Perry was a natural sportsman. As a footballer he was one of those elegant players who made the game look easy. He would float in and out of the play, always balanced, taking a lovely mark here and kicking a classy goal there. He stood just under 6ft in the old language but looked smaller on the field because of his light frame. He played mostly on the half-forward flank or in the centre, both places where his skills could shine.
He first played with the Collingwood under-19s in 1958, having come from University High School Old Boys. After 16 games there he graduated to the reserves in 1960, where he kicked 46 goals in 34 games spread over two years, winning the goalkicking in both seasons. Late in the 1961 season, as the Pies tried to make the most out of a disappointing year, he was rewarded for two years of solid form with his first two senior games. The second of those came in the final game of the year, a dramatic tie with Essendon at Windy Hill where he kicked a goal and teamed up nicely with Murray Weideman at centre half-forward.
He hadn’t taken the game by storm but had done enough to suggest a big career lay ahead.
And so it did – just not in football.
Barry’s younger brother Alan died in a motorcycle accident around that time. The accident happened near home, and Barry was one of the first on the scene. Not surprisingly, that seems to have prompted a shift in focus. Friends say Barry changed from a happy-go-lucky kind of guy to one who took life – and his studies – much more seriously.
He left Collingwood and briefly trialled with Fitzroy, before playing a few games with Preston.
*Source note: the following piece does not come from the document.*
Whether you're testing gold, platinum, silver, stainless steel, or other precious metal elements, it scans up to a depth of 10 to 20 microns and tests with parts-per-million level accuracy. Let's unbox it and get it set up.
But football soon took a back seat.
He was already working in the Crown Solicitor’s Office, but then decided to take on further legal studies. This eventually led to an honours degree at Monash and a doctorate in jurisprudence from Stanford University in California. He began working in the Victorian Ombudsman’s office in 1974, shortly after the creation of the role. He ended up serving as Victoria’s Ombudsman from 1994 until he suffered a severe stroke while on his rural property in central Victoria on Anzac Day 2003. The stroke forced his retirement, though it would be another 10 years before he succumbed to the after-effects.
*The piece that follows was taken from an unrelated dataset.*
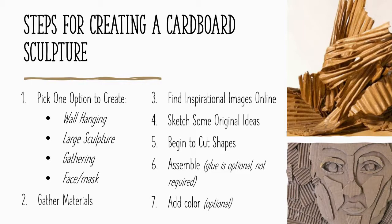Find some more inspirational images online. You might have seen something that really jumped out at you in this video, but you can go look up your own inspiration too. If you're thinking of going the mask route, look up different faces or ideas like that, or get an idea for an arrangement for your wall hanging. You're free to go look up more information.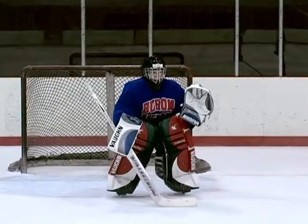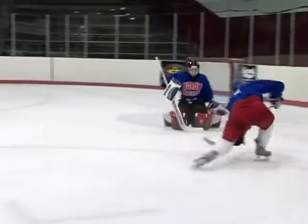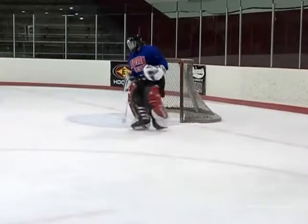Now we're going to see this drill in action. The player's going to shoot, the goalie's going to make a save. The puck's going to come to the side, and the goalie's just going to push and stuff him.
But Barry Perry never stopped loving Collingwood. Indeed he would much rather have talked about his beloved Pies than any of his remarkable career achievements. He served the Victorian Parliament and its people faithfully and well – but he remained at heart a kid from the streets of Collingwood whose proudest moment was pulling on the black and white No. 38 jumper for those two senior games back in 1961.